Friday, Feb. 29, 2008
Postcard: Pasadena
By Sean Gregory
An applied-math major, Travis Haussler knows plenty about probability. But when asked to explain how the universe could allow Caltech, the college basketball team on which he plays, to lose 273 straight league games since 1985, Haussler is stumped. The Beavers--nature's engineers--had just dropped another heartbreaker, an overtime defeat to the University of La Verne, 80-74. Playing on its home court in Pasadena, the California Institute of Technology (Caltech's full name) had a 9-point lead in the first half. Yet the Beavers kept the most infamous streak in college hoops alive. "One little rebound, one little loose ball--if one part of the system gets perturbed a little bit, we win," says Haussler, staring blankly at a locker-room wall. "If you want to look at it scientifically."

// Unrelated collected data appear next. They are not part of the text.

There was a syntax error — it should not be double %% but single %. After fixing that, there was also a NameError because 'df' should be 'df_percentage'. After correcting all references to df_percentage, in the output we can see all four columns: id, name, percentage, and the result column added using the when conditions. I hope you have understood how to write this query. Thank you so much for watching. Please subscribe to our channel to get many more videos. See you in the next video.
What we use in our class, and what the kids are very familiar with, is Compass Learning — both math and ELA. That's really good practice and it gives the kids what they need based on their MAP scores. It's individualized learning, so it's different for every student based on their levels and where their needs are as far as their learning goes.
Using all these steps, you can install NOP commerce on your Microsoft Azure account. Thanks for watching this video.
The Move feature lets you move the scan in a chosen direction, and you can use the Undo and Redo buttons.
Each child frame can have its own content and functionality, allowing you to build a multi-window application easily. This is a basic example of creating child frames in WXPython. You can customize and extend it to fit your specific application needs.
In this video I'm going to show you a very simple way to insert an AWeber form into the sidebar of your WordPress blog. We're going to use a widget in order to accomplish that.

March Madness, that postseason basketball binge of million-dollar sponsorships under the guise of amateur athletics, is upon us once again. The players at Caltech, who compete in the NCAA's Division III, its lowest rung, will never get an invite to that party. Playoffs? Caltech coach Roy Dow is looking for kids who can hang on to the ball. The team just finished 1-24 and, for the 23rd straight season, failed to win a game in the Southern California Intercollegiate Athletic Conference. The legendary science-and-engineering school may have 31 Nobel Prize winners to its name, and, sure, Einstein studied there. On the court, however, Caltech is light-years away from a championship.
Just eight of Caltech's 15 players even played on their high school hoops team. And if they gain any attention on the court now, it's just for being part of a spectacular losing tradition; the team and their coach are featured in a strangely inspiring documentary, Quantum Hoops, which will be out on dvd this spring.
With all the losing, why do the players bother playing ball? Basketball can be a 25-hours-a-week commitment. Shouldn't they use that time to get a head start on problem sets instead of slogging through practice after pulling all-nighters? "I have often asked myself that question," says Yang Hai, a 6-ft., 140-lb. (1.83 m, 63.5 kg) bench player. "I'm not that good. The team's not that good. What am I doing here?"
There is actually a very rational reason why these winners in life continue coming out for a losing team. "It keeps me sane," says Ben Faber, a freshman who plans to study theoretical physics. The school is a notorious pressure cooker, where even the summers are filled with high-stakes science. For example, freshman Ryan Elmquist will be mixing molecules for a Nobel Prize--winning chemist this summer. ("Ryan is going to be loving proton nuclear magnetic resonance spectroscopy," says the grad student supervising Elmquist's work.) Even a crushing loss can be something of an escape.
Will Caltech ever shine on the court? Dow is a committed coach. He just wishes the administration would show more support for sports. "The school strives for excellence in so many endeavors," he says. "Why should this other experience be so poor?" At other Division III schools, coaches and admissions officers often work together to identify potential players and set aside spots for a few who may not qualify academically for the school. Dow says he has a "nonexistent" relationship with the Caltech admissions office. "People here aren't comfortable with any guarantees," says Caltech admissions director Rick Bischoff.
There are signs of improvement, if not a quantum leap. Four years ago, the team lost by an average of 60 points, dropping games with scores like 108-16 and 127-32. This season Caltech lost by 29 points per game, took two league opponents into overtime and, for the second consecutive year, won a nonleague game (the team bounced Gallaudet in December). "We've had two straight winning seasons," brags Haussler, before correcting himself. "O.K., two seasons with a win." He laughs. "The paradigm is just different around here."